The first one was pSer46-MARCKS, which was mainly localized in degenerative neurites. Antibody against pSer46-MARCKS was very sensitive and detected a single necrotic neuron with intracellular Abeta accumulation surrounded by degenerative neurites. Chronological changes of morphology suggested that residual Abeta after primary necrosis became the seed for extracellular Abeta aggregates and induced secondary necrosis of surrounding neurons.

Intracellular Abeta interacted with YAP, an essential molecule for cell survival, deprived it from nucleus, suppressed TEAD-YAP-dependent transcription, and finally induced necrosis.
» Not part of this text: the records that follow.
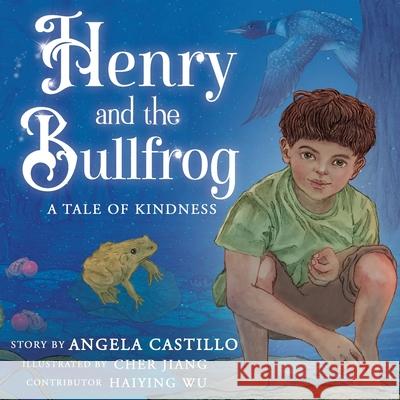 Henry and the Bullfrog: A Tale of Kindness Angela Castillo Cher Jiang Haiying Wu 9781953419408 Angela Castillo - książka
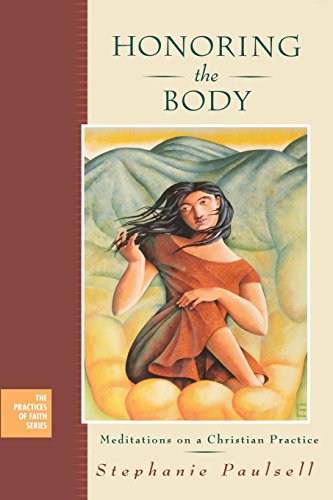 technical//honoring-the-body-meditations-on-a-christian-practice-revised--9780787967574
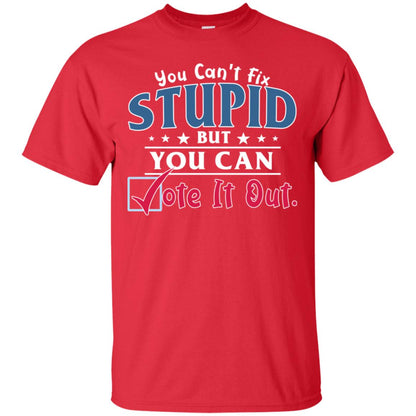 You Can't Fix Stupid But You Can Vote It Out Shirt Red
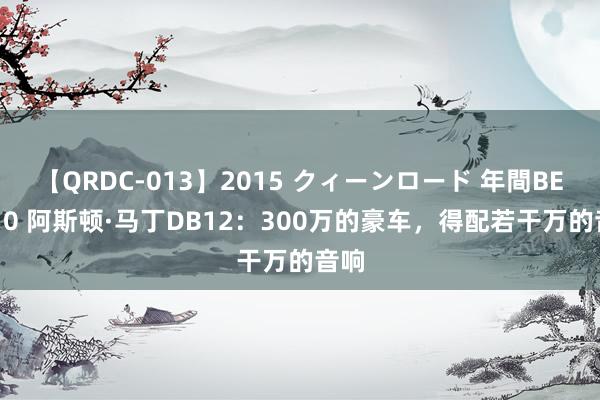 【QRDC-013】2015 クィーンロード 年間BEST10 阿斯顿·马丁DB12：300万的豪车，得配若干万的音响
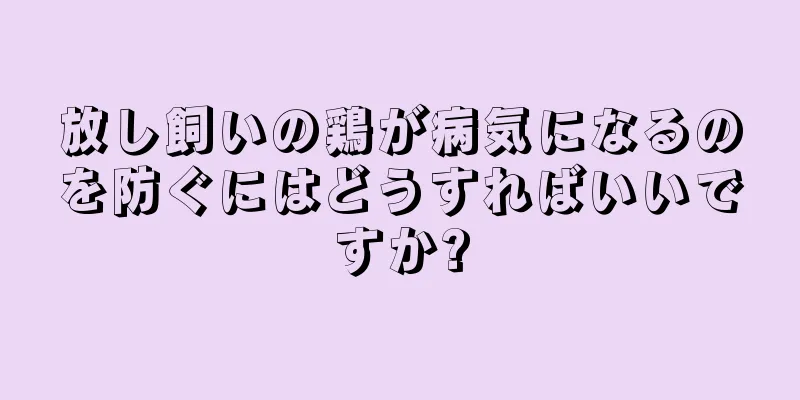 放し飼いの鶏が病気になるのを防ぐにはどうすればいいですか?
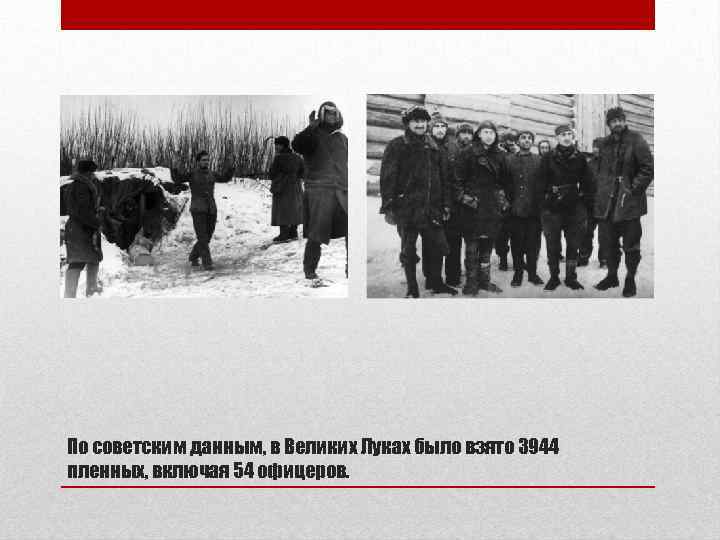 По советским данным, в Великих Луках было взято 3944 пленных, включая 54 офицеров. 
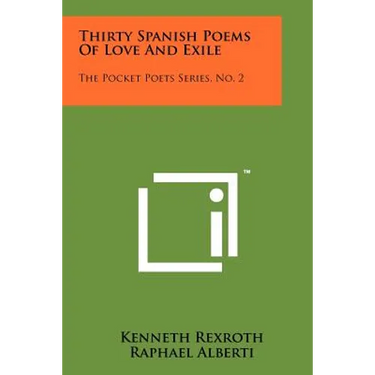 Thirty Spanish Poems Of Love And Exile: The Pocket Poets Series, No. 2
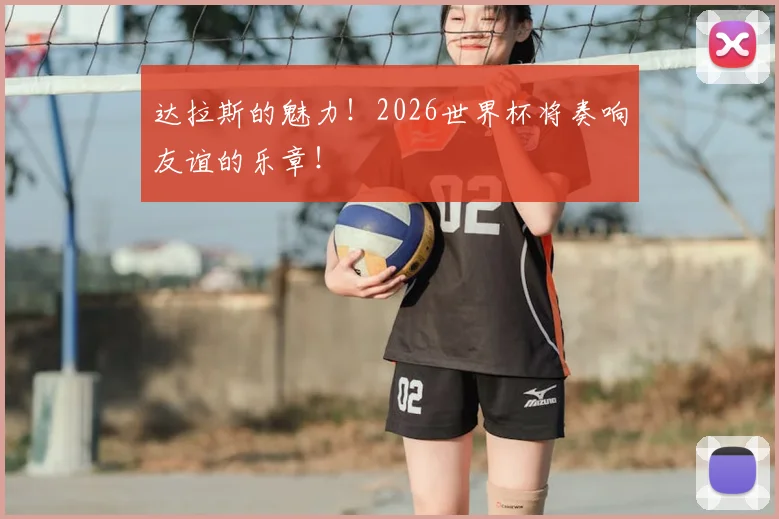 达拉斯的魅力！2026世界杯将奏响友谊的乐章！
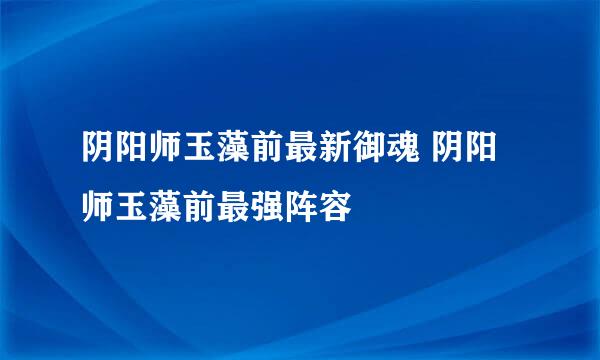 阴阳师玉藻前最新御魂 阴阳师玉藻前最强阵容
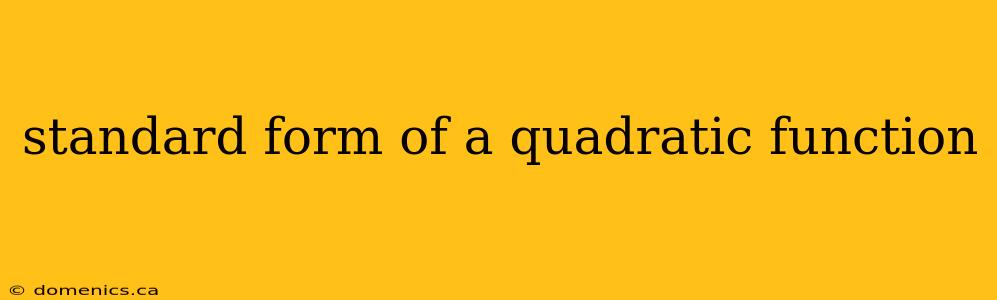 standard form of a quadratic function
Gene therapy with AAV expressing YAPdeltaC, a neuron-specific isoform lacking the binding domain for p73 but able to interact with TEAD, suppressed necrosis and decreased extracellular Abeta aggregates in mouse models at later time points.

Secondary necrosis was mediated by Abeta and HMGB1 both released from necrotic neurons as DAMPs, while the ability of HMGB1 to induce neurite degeneration was higher than Abeta. HMGB1 is also well known as a ligand of TLR2/4, and triggers brain inflammation. In this regard, we have developed anti-HMGB1 antibody that effectively inhibits secondary necrosis and neurite degeneration in mouse models.

We revealed the ultra-early phase pathology and molecular targets for tacking the initial molecular branches.